EXERCISE DETAILS - Print the listing exactly.

GIVEN DATA -

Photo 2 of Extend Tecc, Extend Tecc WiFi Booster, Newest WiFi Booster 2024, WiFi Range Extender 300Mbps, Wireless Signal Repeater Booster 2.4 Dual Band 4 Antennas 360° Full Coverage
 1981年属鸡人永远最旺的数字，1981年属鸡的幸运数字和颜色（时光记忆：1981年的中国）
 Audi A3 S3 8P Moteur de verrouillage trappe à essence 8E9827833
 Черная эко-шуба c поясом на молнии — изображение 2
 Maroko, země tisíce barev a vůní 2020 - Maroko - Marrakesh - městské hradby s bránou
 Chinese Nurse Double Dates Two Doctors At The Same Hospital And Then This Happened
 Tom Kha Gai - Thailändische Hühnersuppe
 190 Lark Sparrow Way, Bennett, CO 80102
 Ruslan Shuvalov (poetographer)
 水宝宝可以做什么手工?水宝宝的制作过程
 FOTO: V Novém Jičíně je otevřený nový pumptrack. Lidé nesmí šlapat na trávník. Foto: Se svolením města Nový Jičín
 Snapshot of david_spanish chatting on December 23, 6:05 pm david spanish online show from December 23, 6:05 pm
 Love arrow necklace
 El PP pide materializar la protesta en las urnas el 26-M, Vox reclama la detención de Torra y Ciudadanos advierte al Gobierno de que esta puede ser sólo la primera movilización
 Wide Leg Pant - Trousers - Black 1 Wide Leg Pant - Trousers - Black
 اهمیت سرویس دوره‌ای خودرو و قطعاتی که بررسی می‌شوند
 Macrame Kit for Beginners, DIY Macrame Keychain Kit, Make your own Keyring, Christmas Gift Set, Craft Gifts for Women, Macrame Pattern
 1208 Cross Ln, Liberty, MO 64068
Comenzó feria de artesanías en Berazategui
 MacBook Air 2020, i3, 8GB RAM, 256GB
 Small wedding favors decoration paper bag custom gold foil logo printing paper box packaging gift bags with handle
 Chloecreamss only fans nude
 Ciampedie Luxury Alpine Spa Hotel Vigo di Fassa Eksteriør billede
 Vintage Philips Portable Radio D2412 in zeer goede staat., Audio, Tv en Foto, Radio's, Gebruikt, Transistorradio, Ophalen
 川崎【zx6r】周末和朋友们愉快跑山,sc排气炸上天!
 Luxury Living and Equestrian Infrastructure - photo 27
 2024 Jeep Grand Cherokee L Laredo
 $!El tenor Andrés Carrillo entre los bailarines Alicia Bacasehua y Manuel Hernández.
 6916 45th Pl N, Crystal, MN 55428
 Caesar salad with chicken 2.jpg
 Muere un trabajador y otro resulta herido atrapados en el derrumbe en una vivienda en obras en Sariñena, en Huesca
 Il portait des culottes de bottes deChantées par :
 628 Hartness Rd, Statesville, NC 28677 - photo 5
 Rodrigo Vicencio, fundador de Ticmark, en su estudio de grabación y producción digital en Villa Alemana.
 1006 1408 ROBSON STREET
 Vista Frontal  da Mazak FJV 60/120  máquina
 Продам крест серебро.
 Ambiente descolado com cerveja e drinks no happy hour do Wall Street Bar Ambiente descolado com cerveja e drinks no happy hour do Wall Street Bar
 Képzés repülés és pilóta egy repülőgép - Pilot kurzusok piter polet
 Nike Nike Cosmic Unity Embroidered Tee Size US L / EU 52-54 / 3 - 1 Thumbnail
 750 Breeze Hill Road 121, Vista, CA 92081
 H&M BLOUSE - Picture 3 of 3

SOLUTION TO THE PROBLEM -
Photo 2 of Extend Tecc, Extend Tecc WiFi Booster, Newest WiFi Booster 2024, WiFi Range Extender 300Mbps, Wireless Signal Repeater Booster 2.4 Dual Band 4 Antennas 360° Full Coverage
 1981年属鸡人永远最旺的数字，1981年属鸡的幸运数字和颜色（时光记忆：1981年的中国）
 Audi A3 S3 8P Moteur de verrouillage trappe à essence 8E9827833
 Черная эко-шуба c поясом на молнии — изображение 2
 Maroko, země tisíce barev a vůní 2020 - Maroko - Marrakesh - městské hradby s bránou
 Chinese Nurse Double Dates Two Doctors At The Same Hospital And Then This Happened
 Tom Kha Gai - Thailändische Hühnersuppe
 190 Lark Sparrow Way, Bennett, CO 80102
 Ruslan Shuvalov (poetographer)
 水宝宝可以做什么手工?水宝宝的制作过程
 FOTO: V Novém Jičíně je otevřený nový pumptrack. Lidé nesmí šlapat na trávník. Foto: Se svolením města Nový Jičín
 Snapshot of david_spanish chatting on December 23, 6:05 pm david spanish online show from December 23, 6:05 pm
 Love arrow necklace
 El PP pide materializar la protesta en las urnas el 26-M, Vox reclama la detención de Torra y Ciudadanos advierte al Gobierno de que esta puede ser sólo la primera movilización
 Wide Leg Pant - Trousers - Black 1 Wide Leg Pant - Trousers - Black
 اهمیت سرویس دوره‌ای خودرو و قطعاتی که بررسی می‌شوند
 Macrame Kit for Beginners, DIY Macrame Keychain Kit, Make your own Keyring, Christmas Gift Set, Craft Gifts for Women, Macrame Pattern
 1208 Cross Ln, Liberty, MO 64068
Comenzó feria de artesanías en Berazategui
 MacBook Air 2020, i3, 8GB RAM, 256GB
 Small wedding favors decoration paper bag custom gold foil logo printing paper box packaging gift bags with handle
 Chloecreamss only fans nude
 Ciampedie Luxury Alpine Spa Hotel Vigo di Fassa Eksteriør billede
 Vintage Philips Portable Radio D2412 in zeer goede staat., Audio, Tv en Foto, Radio's, Gebruikt, Transistorradio, Ophalen
 川崎【zx6r】周末和朋友们愉快跑山,sc排气炸上天!
 Luxury Living and Equestrian Infrastructure - photo 27
 2024 Jeep Grand Cherokee L Laredo
 $!El tenor Andrés Carrillo entre los bailarines Alicia Bacasehua y Manuel Hernández.
 6916 45th Pl N, Crystal, MN 55428
 Caesar salad with chicken 2.jpg
 Muere un trabajador y otro resulta herido atrapados en el derrumbe en una vivienda en obras en Sariñena, en Huesca
 Il portait des culottes de bottes deChantées par :
 628 Hartness Rd, Statesville, NC 28677 - photo 5
 Rodrigo Vicencio, fundador de Ticmark, en su estudio de grabación y producción digital en Villa Alemana.
 1006 1408 ROBSON STREET
 Vista Frontal  da Mazak FJV 60/120  máquina
 Продам крест серебро.
 Ambiente descolado com cerveja e drinks no happy hour do Wall Street Bar Ambiente descolado com cerveja e drinks no happy hour do Wall Street Bar
 Képzés repülés és pilóta egy repülőgép - Pilot kurzusok piter polet
 Nike Nike Cosmic Unity Embroidered Tee Size US L / EU 52-54 / 3 - 1 Thumbnail
 750 Breeze Hill Road 121, Vista, CA 92081
 H&M BLOUSE - Picture 3 of 3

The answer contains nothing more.